At the end of 2019 a mechanical rowing machine came into my possession. This machine (a Hanseatic Rowing Machine) has no electronics at all but I want to measure the rows I am doing.

Recording

So I bought an I2C based Accelerometer: MMA7455 and soldered a raspberry-pi zero shield for it:

/images/rowing_sensor.png

The recording is done with a Python script that is started on boot via systemd.

This code shows howto read the current value from the sensor:

import smbus

bus = smbus.SMBus(1)
# MMA7455L address is 0x1D
bus.write_byte_data(0x1D, 0x16, 0x01)

# read values
data = bus.read_i2c_block_data(0x1D, 0x00, 6)

# Convert the data to 10-bits
xAcc = (data[1] & 0x03) * 256 + data [0]
if xAcc > 511 :
    xAcc -= 1024
yAcc = (data[3] & 0x03) * 256 + data [2]
if yAcc > 511 :
    yAcc -= 1024
zAcc = (data[5] & 0x03) * 256 + data [4]
if zAcc > 511 :
    zAcc -= 1024

print(f"Acceleration {xAcc:5d} {yAcc:5d} {zAcc:5d}")

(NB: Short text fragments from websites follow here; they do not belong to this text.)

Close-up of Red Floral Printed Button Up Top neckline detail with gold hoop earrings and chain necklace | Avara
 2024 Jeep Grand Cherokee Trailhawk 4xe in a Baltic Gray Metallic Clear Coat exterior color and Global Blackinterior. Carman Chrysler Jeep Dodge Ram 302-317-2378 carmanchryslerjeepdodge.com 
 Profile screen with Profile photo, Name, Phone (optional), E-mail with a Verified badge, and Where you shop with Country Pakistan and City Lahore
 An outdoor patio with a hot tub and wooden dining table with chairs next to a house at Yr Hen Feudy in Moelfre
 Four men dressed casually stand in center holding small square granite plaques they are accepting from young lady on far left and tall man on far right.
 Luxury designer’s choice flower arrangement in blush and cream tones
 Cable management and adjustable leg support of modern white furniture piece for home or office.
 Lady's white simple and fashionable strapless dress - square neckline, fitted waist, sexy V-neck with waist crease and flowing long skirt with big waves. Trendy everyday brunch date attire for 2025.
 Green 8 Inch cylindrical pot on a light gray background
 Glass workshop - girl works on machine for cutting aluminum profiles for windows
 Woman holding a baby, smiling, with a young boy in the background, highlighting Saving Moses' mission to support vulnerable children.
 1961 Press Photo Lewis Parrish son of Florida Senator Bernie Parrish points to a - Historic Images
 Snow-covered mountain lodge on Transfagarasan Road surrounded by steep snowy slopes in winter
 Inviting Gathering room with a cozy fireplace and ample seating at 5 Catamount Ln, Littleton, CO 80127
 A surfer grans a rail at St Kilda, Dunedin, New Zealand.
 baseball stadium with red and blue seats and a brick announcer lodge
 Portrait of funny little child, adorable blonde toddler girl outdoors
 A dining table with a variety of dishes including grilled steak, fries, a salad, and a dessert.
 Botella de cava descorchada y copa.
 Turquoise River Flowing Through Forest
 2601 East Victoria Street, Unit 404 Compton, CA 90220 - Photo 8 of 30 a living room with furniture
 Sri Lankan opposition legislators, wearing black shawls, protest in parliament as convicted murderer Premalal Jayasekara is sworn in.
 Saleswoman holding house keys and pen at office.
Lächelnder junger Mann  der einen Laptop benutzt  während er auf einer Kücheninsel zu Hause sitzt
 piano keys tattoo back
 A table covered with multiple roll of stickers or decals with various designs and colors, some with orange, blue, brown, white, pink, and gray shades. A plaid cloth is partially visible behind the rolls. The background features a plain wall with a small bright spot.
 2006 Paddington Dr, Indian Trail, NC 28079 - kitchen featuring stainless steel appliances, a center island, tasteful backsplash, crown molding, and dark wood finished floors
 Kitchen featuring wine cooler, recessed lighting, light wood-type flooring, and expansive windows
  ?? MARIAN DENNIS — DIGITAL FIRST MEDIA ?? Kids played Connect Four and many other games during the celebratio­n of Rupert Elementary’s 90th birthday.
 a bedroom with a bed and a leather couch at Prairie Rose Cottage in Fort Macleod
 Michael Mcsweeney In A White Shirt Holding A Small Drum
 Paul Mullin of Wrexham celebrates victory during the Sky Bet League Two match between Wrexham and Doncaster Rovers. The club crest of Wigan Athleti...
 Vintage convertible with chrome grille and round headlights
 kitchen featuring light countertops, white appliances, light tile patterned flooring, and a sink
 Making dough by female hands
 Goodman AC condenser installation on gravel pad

The full record script used on the raspberry pi is additionally logging to a csv file: https://github.com/mfa/rowing-count/blob/master/record.py.

Evaluation

The latest version of the evaluation as a jupyter notebook: https://github.com/mfa/rowing-count/blob/master/experiments.ipynb

First, we need to find the best curve for the problem. Here we see 1 row, 2 rows and 5 rows:

/images/rowing_all_axes.png

And only the 5 rows zoomed in:

/images/rowing_all_axes_5.png

Only in the x axis curve the rows are clearly distinguishable.

So the isolated x axis looks like this

/images/rowing_5x.png

Because it is easier to detect peaks on top we negate the curve:

/images/rowing_5x_neg.png

And now smoothen the curve using a savgol filter:

/images/rowing_5x_neg_savgol.png

We got the parameters for the savgol by trial and error.

The next step is the peak finding. Scipy has a find_peaks method that works after some tweaking quite good:

/images/rowing_5.png

The (orange) line below the found peak is the prominence. This "height" helps filtering too small peaks. The complete filtering methods looks like this

def get_peaks(x):
    _ = np.negative(x)
    _ = scipy.signal.savgol_filter(_, 51, 3)
    peaks, properties = scipy.signal.find_peaks(_, prominence=5, width=40)
    return sum(map(lambda i: i>12, properties["prominences"]))

The sum in the last line filters all peaks with a prominence higher than 12 and only sums them.